You can choose from several different types of therapy when seeking professional help. All types of counselling are helpful to different people, and an addiction specialist can help you determine which treatment plan is right for you. Among the types of therapy you might consider are the following:
- Group therapy: Within a group of your peers, you can get both the support and challenge you need during rehab and recovery.
- 12-step programs: Alcoholics Anonymous pioneered this peer-support network that helps those with alcohol addiction to abstain from alcohol. Other versions, such as Celebrate Recovery and SMART Recovery, have sprung up in their wake.
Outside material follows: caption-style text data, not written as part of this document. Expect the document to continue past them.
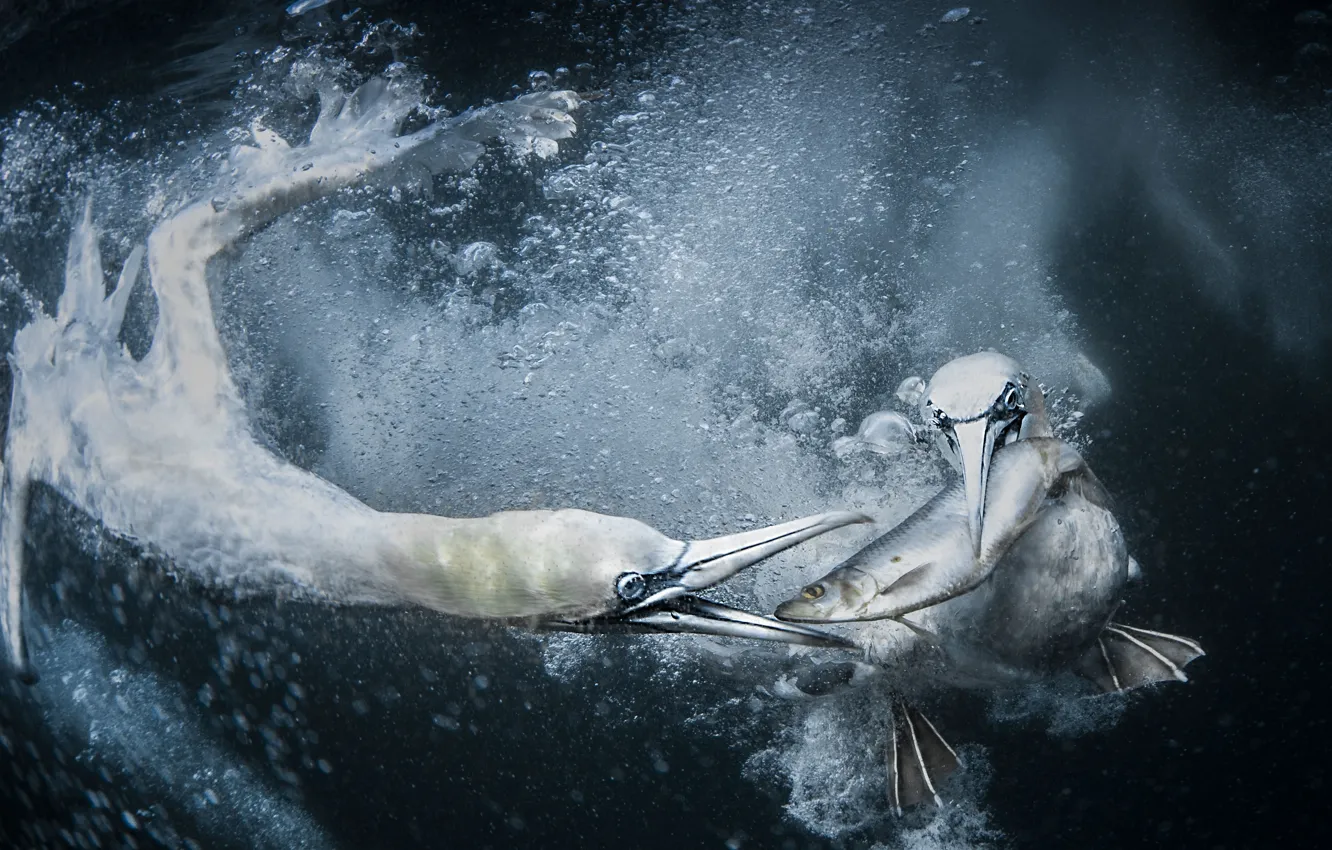 Photo wallpaper Water, Photo, Birds, Fish, Boobies, Tracy Lind, Boobies fishing, Fighting for fish underwater
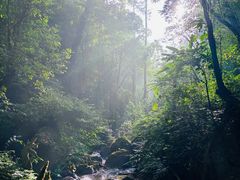 -莫里热带雨林景区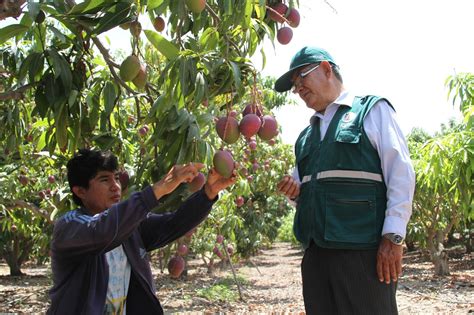 Gesti N Del Senasa Per Ya Puede Exportar Mango Fresco A Corea Del Sur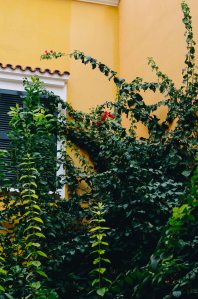 Ciutadella Menorca Guide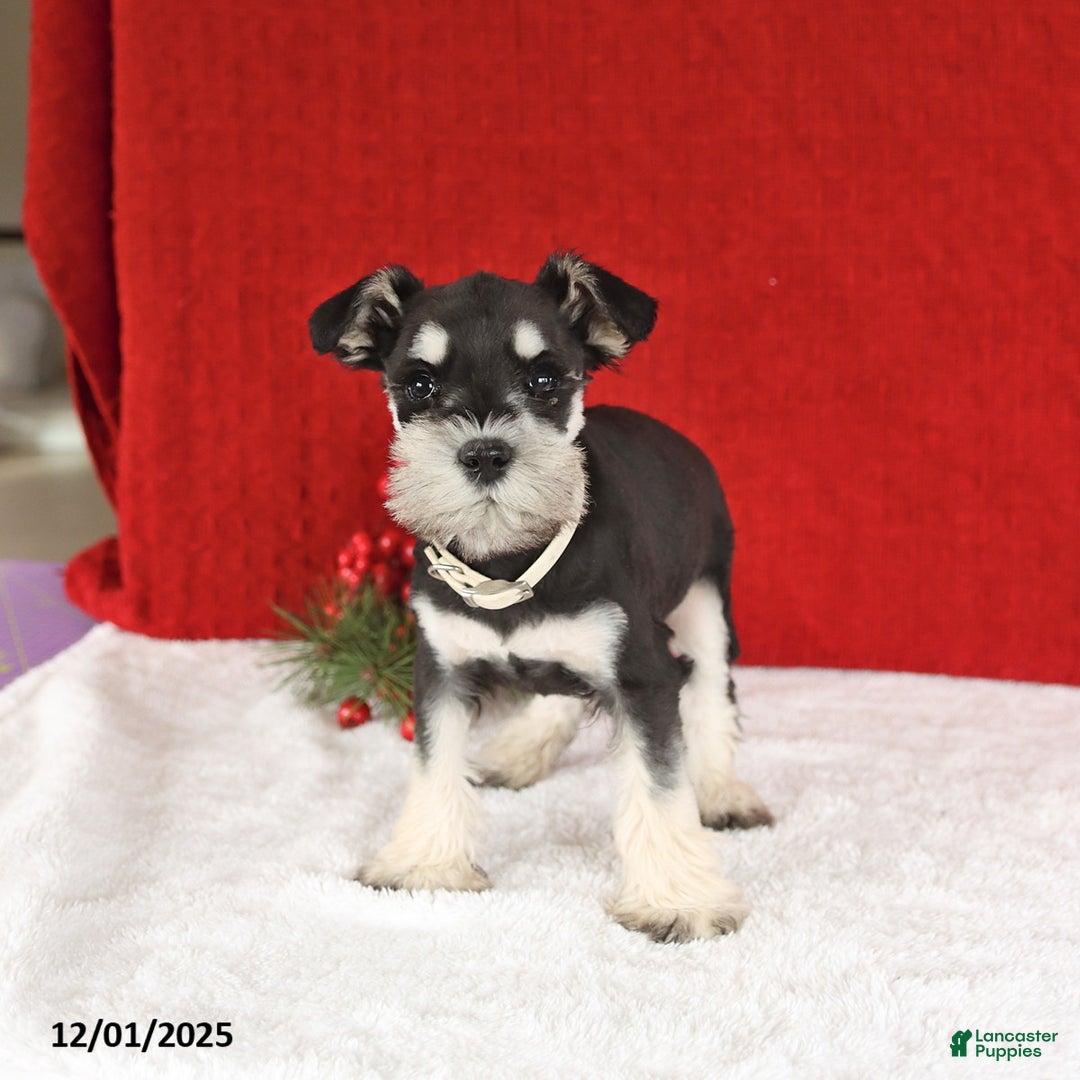 Miniature Schnauzer dogs for sale: Butterfly - Ad 4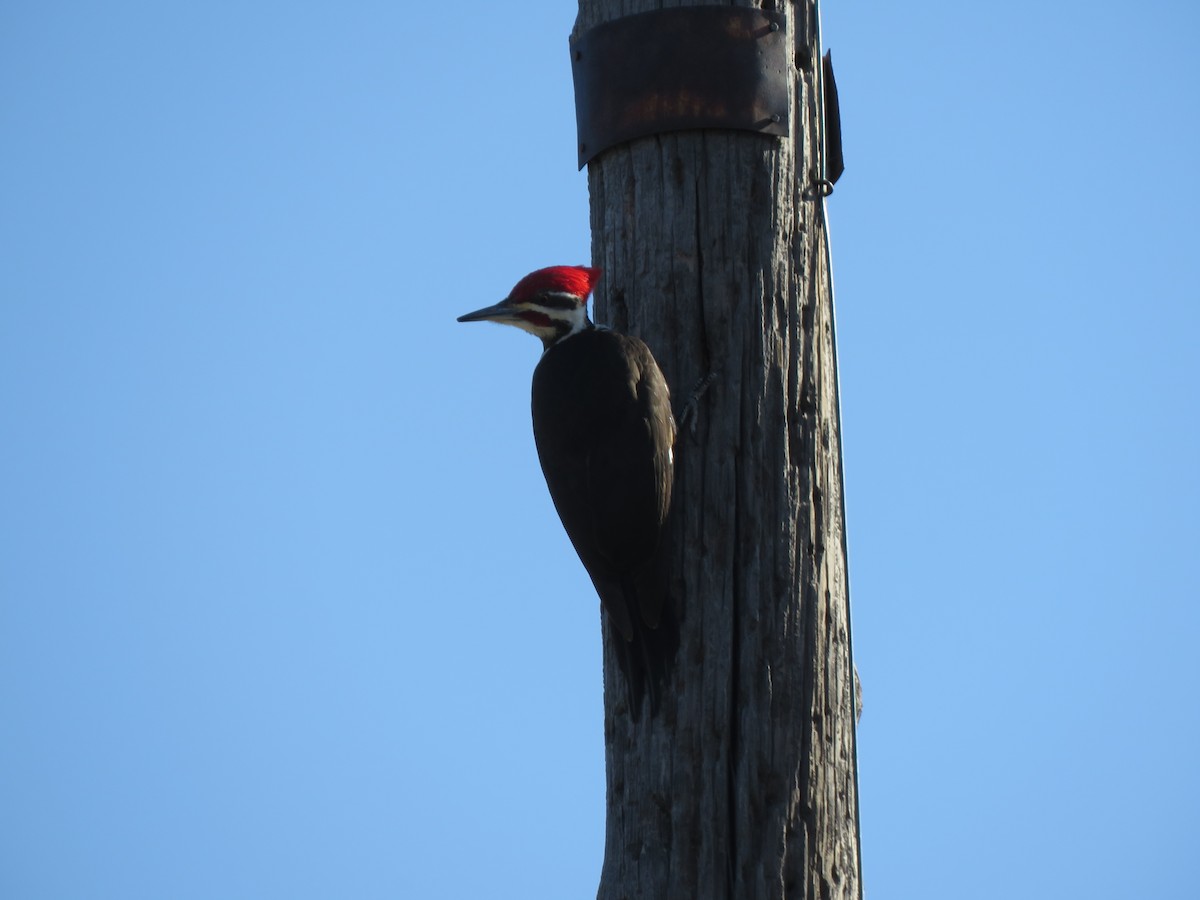 Pileated Woodpecker - Carolyn Schwab
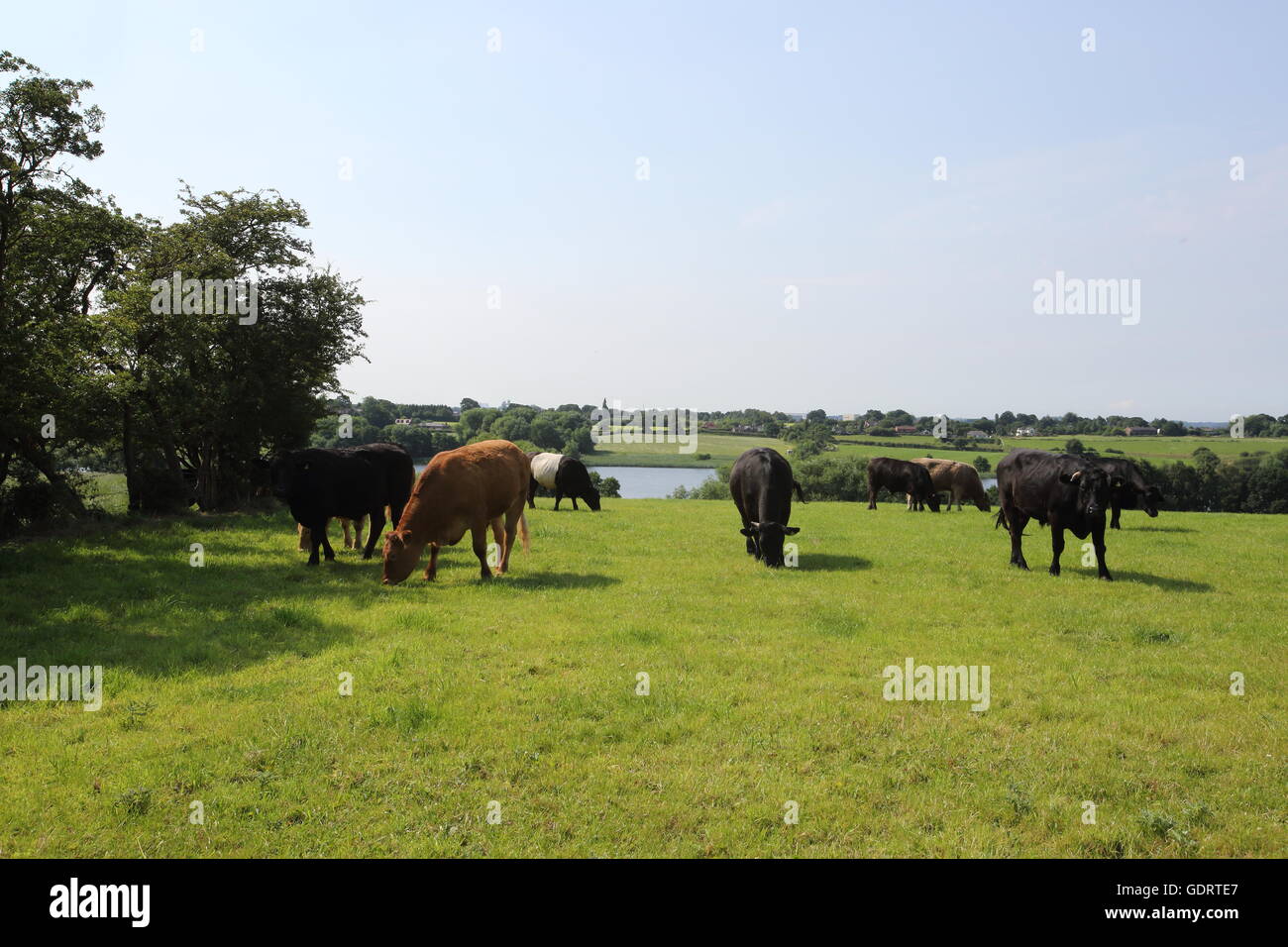Pickmere, Cheshire, UK. 20th July, 2016. Hot weather, sunshine and high temperatures continue in Cheshire around Pickmere, a small village and lake in Cheshire. Credit:  Simon Newbury/Alamy Live News Stock Photo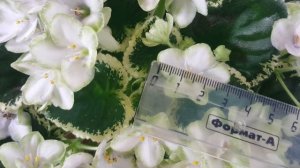 Фиалка  Frozen in Time (LLG/Sorano)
- Residential treatment: When you move into a residential treatment center, you’re automatically separated from all the people and triggers that encourage your alcohol use. Residential treatment has a high success rate, sometimes covered by medical insurance.
- Family therapy: Because alcohol addiction affects the entire family, often the whole family thrives by seeking counselling together — and you may be more likely to stick with the therapy when your family’s involved.
- Outpatient treatment: Intensive outpatient treatment can provide many of the same types of therapists and techniques as residential treatment, but it allows you to live at home and in some cases to continue with work or school.
- Cognitive Behavioural Therapy: CBT, as it’s often called, gives you tools to manage your thought life and your emotional reactions. Cognitive behavioural therapists will teach you how to avoid triggers and encourage healthy thoughts.
- Dialectical Behavioural Therapy: This type of therapy, also known as DBT, focuses on changing unhealthy behaviours, such as alcohol abuse, and encouraging healthy behaviours.
Consider Rehab as an Option for Treatment
Many people with alcohol addiction need to start their treatment with rehab. A rehab program keeps you safe while you undergo the withdrawal symptoms that typically occur when you stop drinking. You’re protected if you should experience hallucinations or seizures, and you have access to the continued help you need to get through detox.
When you embark on evidence-based rehab, you have access to experts who can help you with medication management, medical detox, and mental health therapy, including CBT and DBT. A well-designed rehab program also offers group and individual therapy, acting as a community to help you get and stay sober. A program that features a holistic approach also offers exercise and mindfulness to support your physical health and well-being.
In addition, your rehab program will incorporate family support, offering education and therapy so family members can continue to support you. As you move into recovery, the addiction specialists help with relapse management and aftercare, providing continued therapy and help as needed.